■ **Activity**
The reply has to be a number alone, equal to how many lines in the entries below hold the string "Thiên".

Short web captions:
★ ★ ★ ★
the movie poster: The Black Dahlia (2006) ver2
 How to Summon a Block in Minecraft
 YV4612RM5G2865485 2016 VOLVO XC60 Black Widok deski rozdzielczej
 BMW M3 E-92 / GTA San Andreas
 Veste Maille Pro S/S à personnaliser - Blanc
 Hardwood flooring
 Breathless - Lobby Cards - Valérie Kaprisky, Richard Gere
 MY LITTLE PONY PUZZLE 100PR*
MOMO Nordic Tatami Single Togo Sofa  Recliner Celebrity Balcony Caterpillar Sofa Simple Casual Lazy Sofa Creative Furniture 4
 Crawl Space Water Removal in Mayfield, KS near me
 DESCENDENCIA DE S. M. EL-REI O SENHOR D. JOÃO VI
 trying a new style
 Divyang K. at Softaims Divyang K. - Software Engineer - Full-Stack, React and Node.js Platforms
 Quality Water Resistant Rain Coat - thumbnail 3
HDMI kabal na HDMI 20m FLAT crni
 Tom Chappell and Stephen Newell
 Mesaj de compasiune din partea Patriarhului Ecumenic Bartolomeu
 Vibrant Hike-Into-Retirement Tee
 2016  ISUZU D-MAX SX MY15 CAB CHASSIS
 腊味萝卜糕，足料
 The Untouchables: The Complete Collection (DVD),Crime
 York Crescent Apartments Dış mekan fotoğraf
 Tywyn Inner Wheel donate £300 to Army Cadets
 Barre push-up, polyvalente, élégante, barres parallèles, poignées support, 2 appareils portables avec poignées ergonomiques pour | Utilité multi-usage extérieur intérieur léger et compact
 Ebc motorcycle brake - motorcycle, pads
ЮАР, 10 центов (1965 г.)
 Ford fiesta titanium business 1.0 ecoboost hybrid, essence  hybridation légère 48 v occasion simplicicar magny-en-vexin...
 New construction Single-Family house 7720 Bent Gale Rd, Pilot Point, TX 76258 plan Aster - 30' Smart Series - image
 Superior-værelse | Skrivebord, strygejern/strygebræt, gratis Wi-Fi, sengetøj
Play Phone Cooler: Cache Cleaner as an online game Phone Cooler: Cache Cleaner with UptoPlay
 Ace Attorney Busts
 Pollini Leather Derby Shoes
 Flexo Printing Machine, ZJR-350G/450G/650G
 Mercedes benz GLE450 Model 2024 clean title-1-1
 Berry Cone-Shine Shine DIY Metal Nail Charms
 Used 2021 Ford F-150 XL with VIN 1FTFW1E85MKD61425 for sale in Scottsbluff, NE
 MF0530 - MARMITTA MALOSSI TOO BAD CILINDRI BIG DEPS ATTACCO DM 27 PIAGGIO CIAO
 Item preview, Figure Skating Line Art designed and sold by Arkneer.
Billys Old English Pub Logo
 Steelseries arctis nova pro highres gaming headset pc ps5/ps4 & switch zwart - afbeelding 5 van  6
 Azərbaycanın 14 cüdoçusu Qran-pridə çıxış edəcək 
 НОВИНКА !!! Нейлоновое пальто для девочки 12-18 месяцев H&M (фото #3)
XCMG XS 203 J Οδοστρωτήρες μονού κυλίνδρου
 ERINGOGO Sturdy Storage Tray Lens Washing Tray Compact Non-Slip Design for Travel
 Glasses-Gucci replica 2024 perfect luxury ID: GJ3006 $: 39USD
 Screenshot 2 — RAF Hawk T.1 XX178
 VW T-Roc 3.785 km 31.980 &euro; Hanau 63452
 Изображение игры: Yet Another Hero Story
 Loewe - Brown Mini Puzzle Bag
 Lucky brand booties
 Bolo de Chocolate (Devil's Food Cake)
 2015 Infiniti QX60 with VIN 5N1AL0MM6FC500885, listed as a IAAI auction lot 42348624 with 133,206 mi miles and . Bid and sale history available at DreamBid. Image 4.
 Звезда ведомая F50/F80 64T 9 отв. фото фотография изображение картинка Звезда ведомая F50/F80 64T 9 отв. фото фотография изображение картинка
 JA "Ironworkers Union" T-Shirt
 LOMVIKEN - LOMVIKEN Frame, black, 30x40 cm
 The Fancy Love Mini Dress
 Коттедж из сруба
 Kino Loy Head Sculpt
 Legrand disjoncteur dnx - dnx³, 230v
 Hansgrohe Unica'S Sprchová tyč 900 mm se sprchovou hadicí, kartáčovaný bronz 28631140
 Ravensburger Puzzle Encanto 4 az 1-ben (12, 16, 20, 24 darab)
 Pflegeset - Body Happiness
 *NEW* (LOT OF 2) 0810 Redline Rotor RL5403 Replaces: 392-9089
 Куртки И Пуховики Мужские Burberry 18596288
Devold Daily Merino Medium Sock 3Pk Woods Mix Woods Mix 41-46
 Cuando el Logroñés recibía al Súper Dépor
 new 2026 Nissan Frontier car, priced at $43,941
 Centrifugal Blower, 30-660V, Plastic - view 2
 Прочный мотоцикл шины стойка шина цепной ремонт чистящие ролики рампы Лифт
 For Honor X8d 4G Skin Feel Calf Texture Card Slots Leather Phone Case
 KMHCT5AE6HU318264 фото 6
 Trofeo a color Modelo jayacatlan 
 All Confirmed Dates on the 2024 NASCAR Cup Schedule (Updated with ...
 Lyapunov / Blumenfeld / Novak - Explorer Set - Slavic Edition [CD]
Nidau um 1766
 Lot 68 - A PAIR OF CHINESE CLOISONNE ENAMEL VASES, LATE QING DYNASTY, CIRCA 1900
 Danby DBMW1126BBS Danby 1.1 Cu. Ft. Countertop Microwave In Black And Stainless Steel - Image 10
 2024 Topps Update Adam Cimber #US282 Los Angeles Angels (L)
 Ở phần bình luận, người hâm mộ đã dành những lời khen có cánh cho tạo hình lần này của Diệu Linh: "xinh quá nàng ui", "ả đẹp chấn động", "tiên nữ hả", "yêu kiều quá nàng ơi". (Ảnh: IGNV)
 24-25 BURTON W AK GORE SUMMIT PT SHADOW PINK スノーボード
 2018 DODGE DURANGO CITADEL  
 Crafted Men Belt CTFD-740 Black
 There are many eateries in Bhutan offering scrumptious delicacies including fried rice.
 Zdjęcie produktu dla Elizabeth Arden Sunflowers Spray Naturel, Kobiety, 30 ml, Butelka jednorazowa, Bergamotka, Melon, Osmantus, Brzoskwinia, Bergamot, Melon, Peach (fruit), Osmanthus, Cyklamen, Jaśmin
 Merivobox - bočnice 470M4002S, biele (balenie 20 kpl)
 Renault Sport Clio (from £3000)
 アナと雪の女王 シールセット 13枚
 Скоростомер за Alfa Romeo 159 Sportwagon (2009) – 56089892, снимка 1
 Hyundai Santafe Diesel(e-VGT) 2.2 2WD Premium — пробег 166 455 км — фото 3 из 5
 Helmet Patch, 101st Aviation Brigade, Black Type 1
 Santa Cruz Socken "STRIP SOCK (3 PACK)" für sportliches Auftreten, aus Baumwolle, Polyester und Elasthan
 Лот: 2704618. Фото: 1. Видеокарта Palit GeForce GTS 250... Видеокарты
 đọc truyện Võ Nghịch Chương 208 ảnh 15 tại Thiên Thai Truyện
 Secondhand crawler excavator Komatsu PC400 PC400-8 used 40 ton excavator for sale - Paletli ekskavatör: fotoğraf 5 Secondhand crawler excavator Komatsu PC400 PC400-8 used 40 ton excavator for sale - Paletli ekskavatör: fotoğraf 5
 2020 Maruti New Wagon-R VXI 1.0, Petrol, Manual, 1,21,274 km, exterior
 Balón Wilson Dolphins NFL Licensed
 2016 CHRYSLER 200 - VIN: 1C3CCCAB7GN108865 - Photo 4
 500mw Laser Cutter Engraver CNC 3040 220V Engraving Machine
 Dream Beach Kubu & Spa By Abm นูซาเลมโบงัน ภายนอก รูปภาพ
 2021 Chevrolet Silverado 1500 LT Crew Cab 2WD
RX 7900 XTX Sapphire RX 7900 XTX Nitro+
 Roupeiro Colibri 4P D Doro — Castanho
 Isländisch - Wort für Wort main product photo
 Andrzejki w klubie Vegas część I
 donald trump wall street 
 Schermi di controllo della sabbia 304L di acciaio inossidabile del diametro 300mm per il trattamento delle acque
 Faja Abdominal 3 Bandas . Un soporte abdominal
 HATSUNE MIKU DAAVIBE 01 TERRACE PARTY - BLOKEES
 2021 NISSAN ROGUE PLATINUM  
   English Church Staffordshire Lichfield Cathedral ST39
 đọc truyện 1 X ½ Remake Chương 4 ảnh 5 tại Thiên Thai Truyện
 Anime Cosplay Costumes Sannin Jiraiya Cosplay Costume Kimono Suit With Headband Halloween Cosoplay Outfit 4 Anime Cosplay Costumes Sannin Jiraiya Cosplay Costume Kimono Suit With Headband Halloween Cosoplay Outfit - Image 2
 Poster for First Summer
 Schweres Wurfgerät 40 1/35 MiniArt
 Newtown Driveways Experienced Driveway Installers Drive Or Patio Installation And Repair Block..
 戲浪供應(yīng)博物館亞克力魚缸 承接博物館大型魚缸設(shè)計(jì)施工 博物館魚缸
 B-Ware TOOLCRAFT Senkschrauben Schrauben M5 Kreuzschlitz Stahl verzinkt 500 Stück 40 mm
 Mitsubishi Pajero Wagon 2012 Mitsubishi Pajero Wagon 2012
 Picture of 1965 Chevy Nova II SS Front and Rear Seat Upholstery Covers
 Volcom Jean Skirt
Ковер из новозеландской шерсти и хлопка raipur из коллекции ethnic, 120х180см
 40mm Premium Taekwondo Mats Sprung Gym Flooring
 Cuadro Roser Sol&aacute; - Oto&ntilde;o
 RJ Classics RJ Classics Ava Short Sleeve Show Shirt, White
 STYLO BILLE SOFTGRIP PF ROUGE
★ ★ ★ ★
■ **Your response**
2